**Work required**
The lines to copy run from the one containing "[VZ-POMMAT] POMADA MATE MASTER SELECT VEZIA" to the very end of the records; give them exactly, and only them, without pictures.

Stored items from a collection

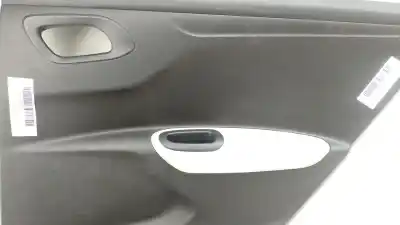 Автозапчастина б/у обликка задніх правіх дверей для citroen c-elysee (dd_) 1.6 hdi 92 посилання на oem iam 9675291477 9675291477 9675291477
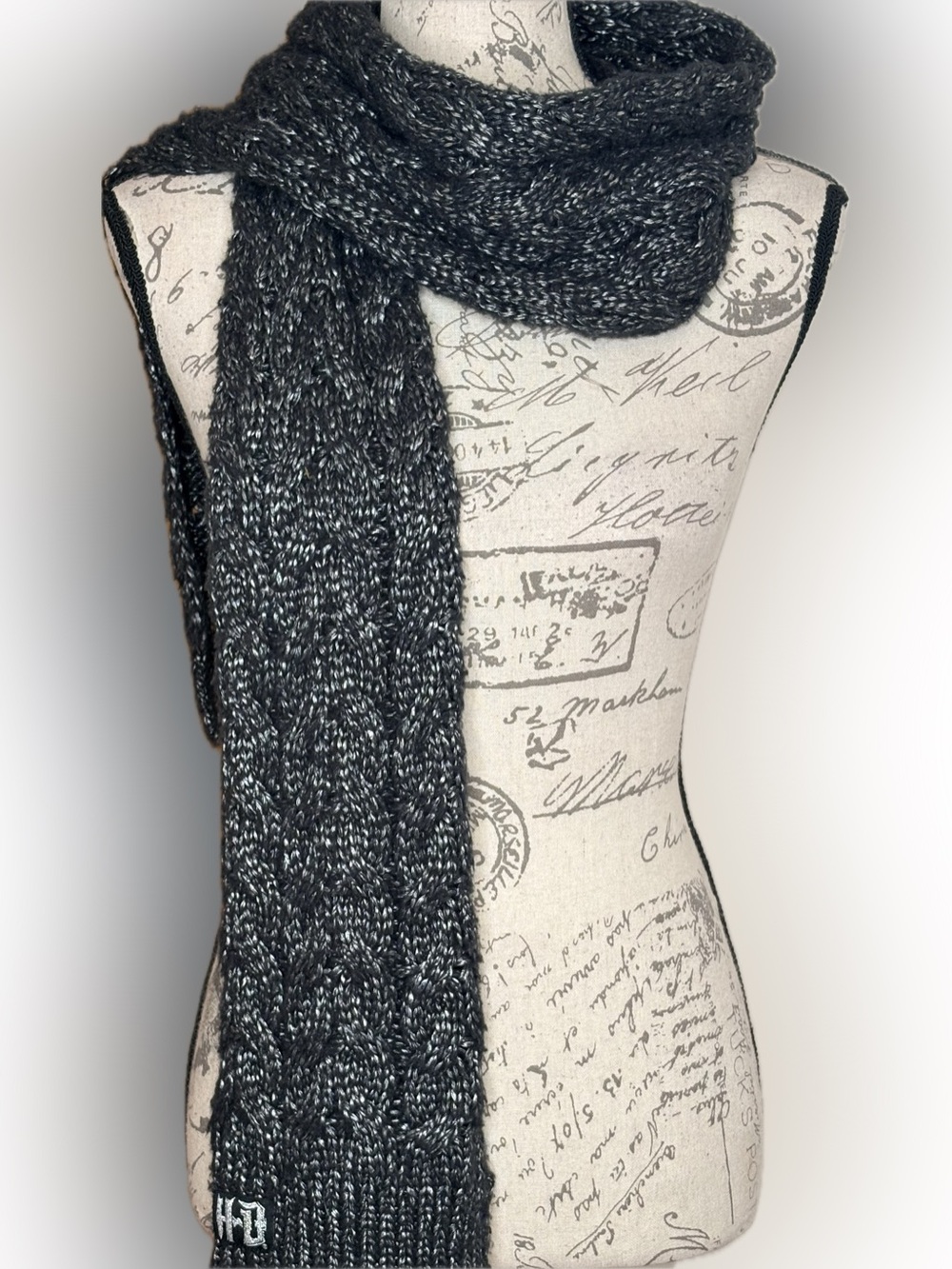 Harley Davidson Winter Scarf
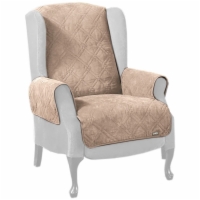 Chair Seat & Back Protector - TAUPE PRODUCT OPTION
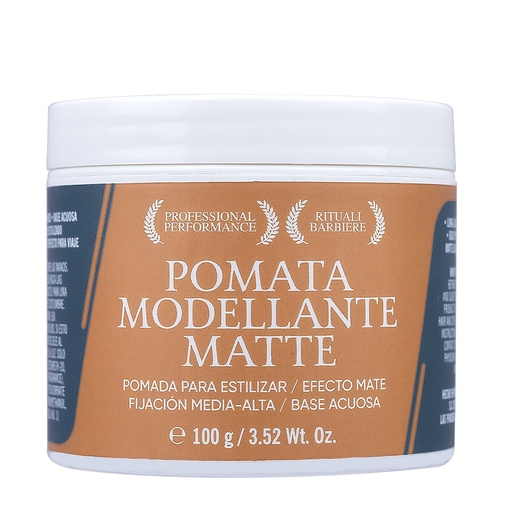 [VZ-POMMAT] POMADA MATE MASTER SELECT VEZIA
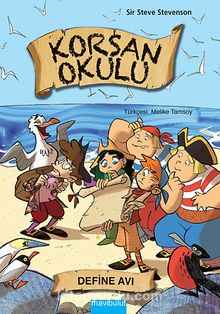 Define Avı / Korsan Okulu 4 - Sir Steve Stevenson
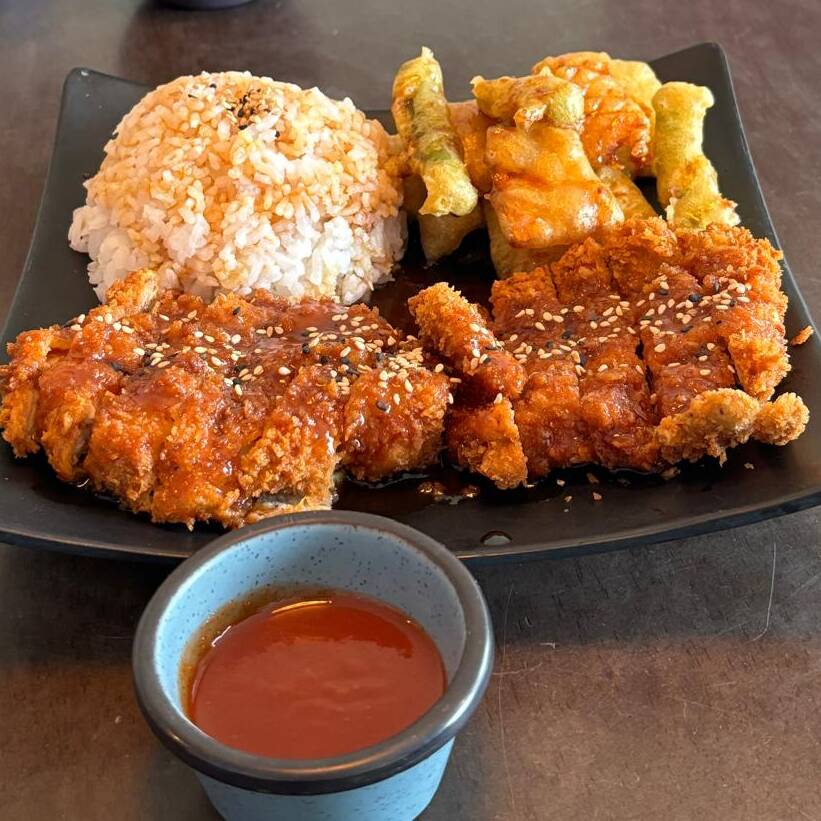 TONKATSU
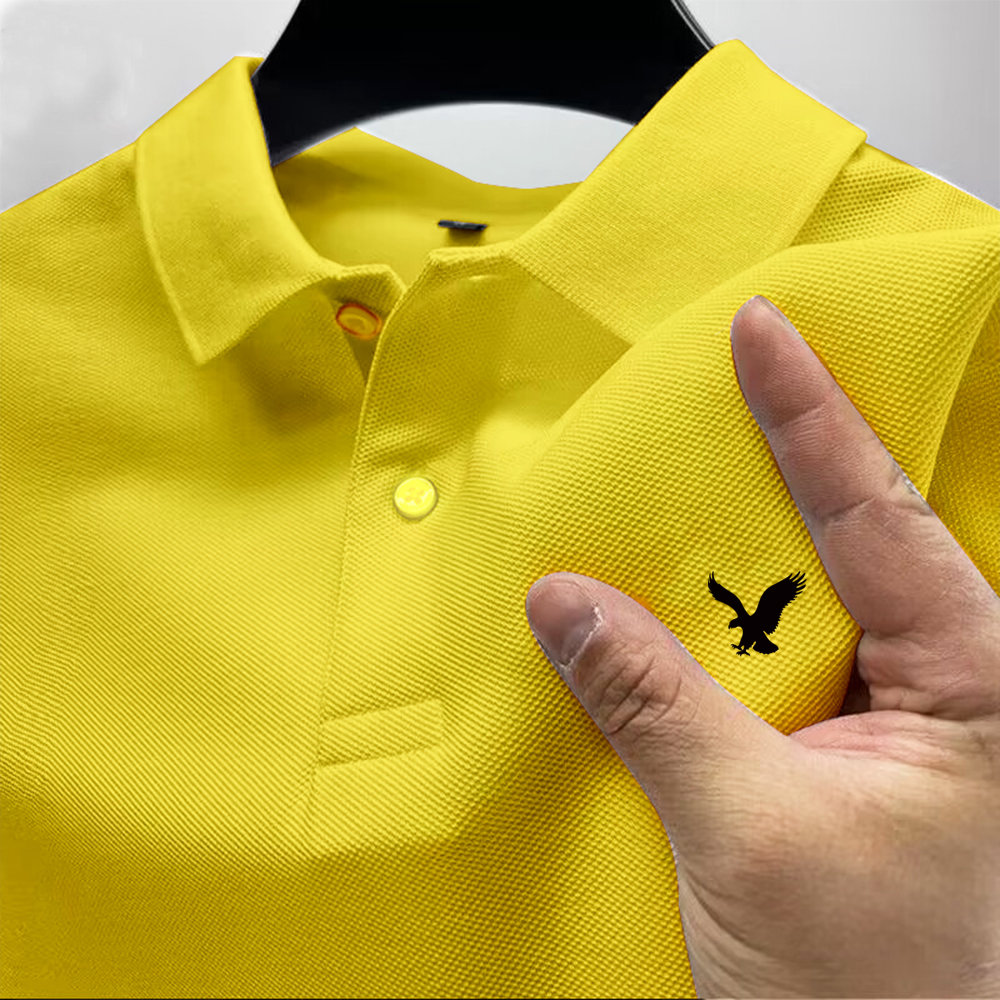 Summer New POLO Shirt Men's La - Polo Shirt Pique 리뷰 및 가격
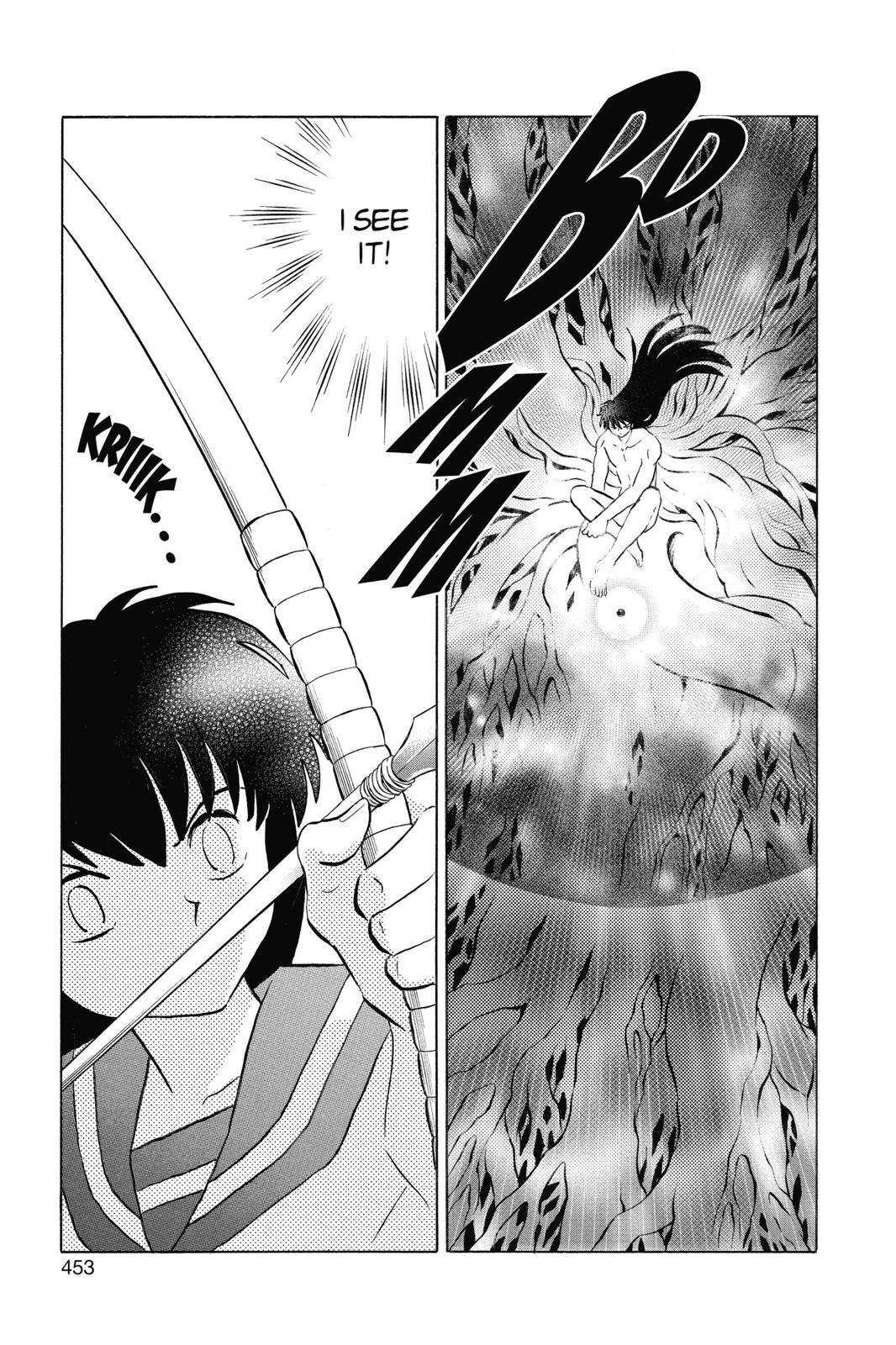 Read Inuyasha Manga Online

**Written answer**
 [VZ-POMMAT] POMADA MATE MASTER SELECT VEZIA
 Define Avı / Korsan Okulu 4 - Sir Steve Stevenson
 TONKATSU
 Summer New POLO Shirt Men's La - Polo Shirt Pique 리뷰 및 가격
 Read Inuyasha Manga Online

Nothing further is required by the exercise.